Сайт продается, подробности: whatsapp telegram
Скачать:TXTPDF
Апокалипсис Иоанна

то событие, которое предваряет Второе Пришествие? В частности, хотя мы пережили и переживаем и войны, и революции, как и широко распространившееся отпадение от веры, однако исполнилась ли та мера, та полнота, которая пророчествуется о них? И на этот вопрос человеческой мудрости не может быть даже определенного ответа, вернее, может быть с полным основанием дан и утвердительный, и отрицательный. Это же приходится повторить и относительно более конкретных событий, прежде всего о пришествии антихриста. Сколько раз в истории усматривалось уже конкретное его появление в виде той или другой исторической личности, начиная с ветхозаветного образа Антиоха Епифана, продолжая новозаветными Нероном и другими императорами-христоборцами, далее Наполеоном, может быть, более мелкими фигурами наших дней, но все это оказывалось и оказывается лишь историческими домыслами, порождениями испуга и воображения. Самое же главное, при этом остается неизвестность, означает ли антихрист конкретную личность (с которой больше всего сходства имеет образ пророчества ап. Павла о «человеке беззакония», ср. выше), или же многоликое антихристианство от времен ап. Иоанна Богослова (о чем он намекал в своих посланиях), для которого могла как уже наступить, так и еще не наступить своя мера.

В вопросе об обращении Израиля мы стоим как будто пред более определенным фактом его еще не свершения, на которое доселе приходится лишь уповать на основании пророчества. Однако даже и здесь остается возможность свершения его в современности, в количественной неприметности, вместе с качественной силой и полнотой, или, во всяком случае, наступления его по его созревании таким быстрым темпом, который будет соответствовать уже полноте его свершения. Во всяком случае, в эсхатологических речах Господа (в малом апокалипсисе) упоминание об этом характерно отсутствует, кроме только слов Его при Входе в Иерусалим: «дондеже воскликнете: благословен грядый во Имя Господне Царь Израилев» (слова эти, впрочем, относятся не столько к Парусии, сколько к тысячелетнему царству). Во всяком случае, приходится сказать, что обращение Израиля буквально относится к числу еще не наступивших признаков приближения конца мира, который задерживается таким образом его жестоковыйностью.

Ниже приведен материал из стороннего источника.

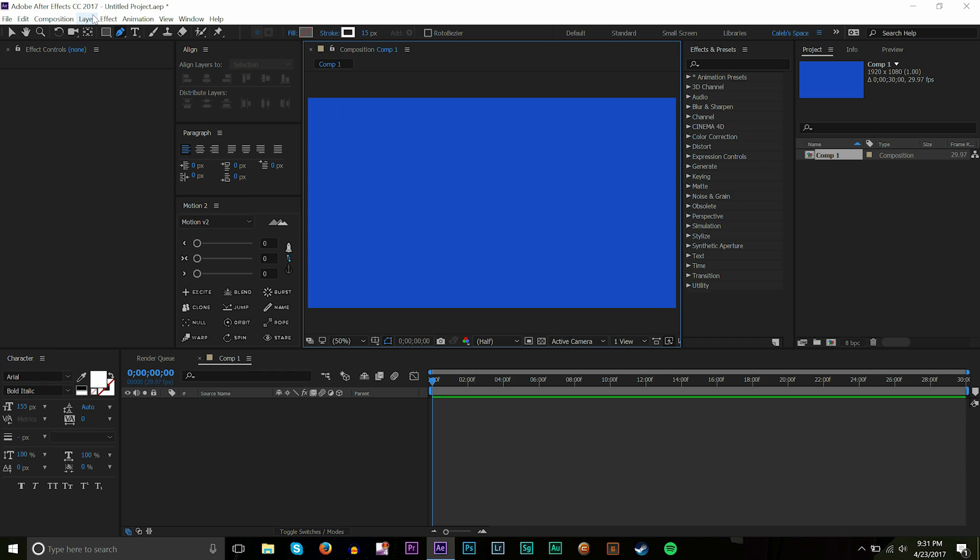Hey what's going on guys, it's Caleb and welcome back to another After Effects tutorial. Today we're gonna talk about how to animate lines inside of After Effects using one effect and that's gonna be trim paths.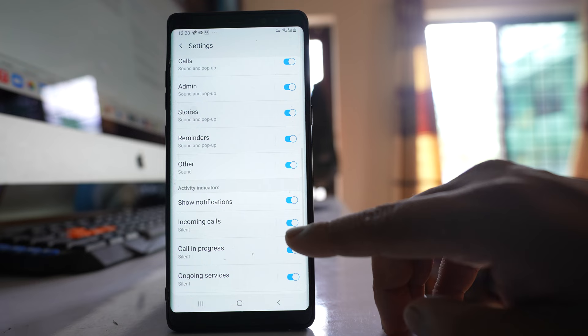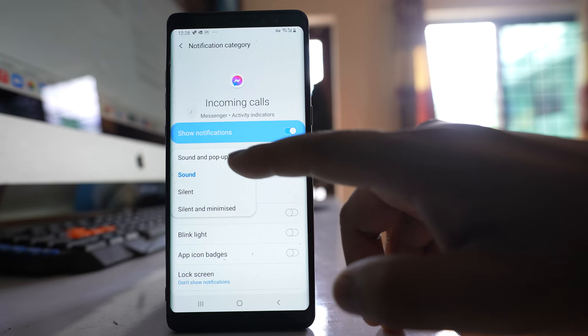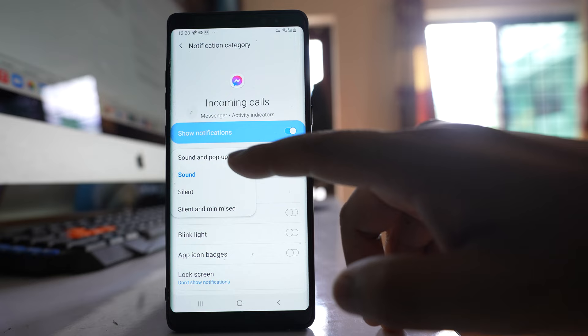Go inside and for notification style you have to select Sound and Pop-up. So once you do it you will be able to see the incoming call displayed on the screen of your Android device for Messenger.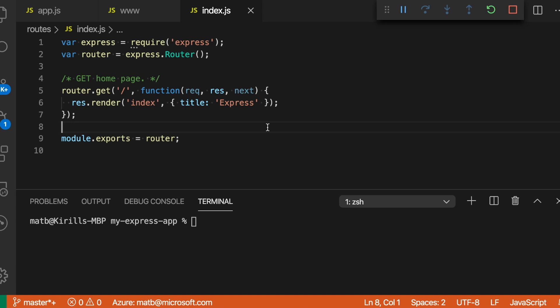When debugging JavaScript, sometimes you just want to be notified whenever a given function is called, or what a value is at a specific point in time. People will often add console log statements to achieve this, but you can use log points to achieve much of the same thing without modifying your original program.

Остается еще последний и главный из признаков приближения Парусии, это указанная в Откровении последовательность времени. Самая его идея — откровения об истории, раскрывающейся в порядке последовательных свершений к полноте, как бы противоречит той вне- и даже антиисторичности малого апокалипсиса с его утверждением полной безвестности времени Парусии, тем самым как бы изъемлющего его из исторического контекста, поставляющего его вне времени. Эта же черта его усиливается еще и тем, что история, по Откровению, совершается на земле и на небе, в мире здешнем и загробном, ангельском и человеческом, и это само по себе уже ставит ее вне определенности, согласно земному времени, но и утверждает ее в ее, так сказать, историчности, в качестве процесса, имеющего свои времена и сроки, свою полноту. Однако не надо забывать, что Откровение, написанное уже девять веков назад и имеющее перед собой еще современную для себя историю, а вместе с тем предназначенное для всех времен истории, находящих себя в нем как бы в историческом своем зеркале, тем самым является всевременно эластичным и многозначным в своем символизме. К нему в данном случае является так же применимым антиномическое определение одновременно историзма с присущей ему временной последовательностью событий, и сверхвременности или же всевременности, а потому и надвременности их. Откровение относится к тому, что происходит всегда и всюду, но и не вмещается в ограниченном месте и времени. Постольку Апокалипсис не препятствует и не противоречит эсхатологическому восприятию истории. Апокалиптическое и эсхатологическое восприятие мира между собою логически противоречивы, но антиномически жизненно совместимы.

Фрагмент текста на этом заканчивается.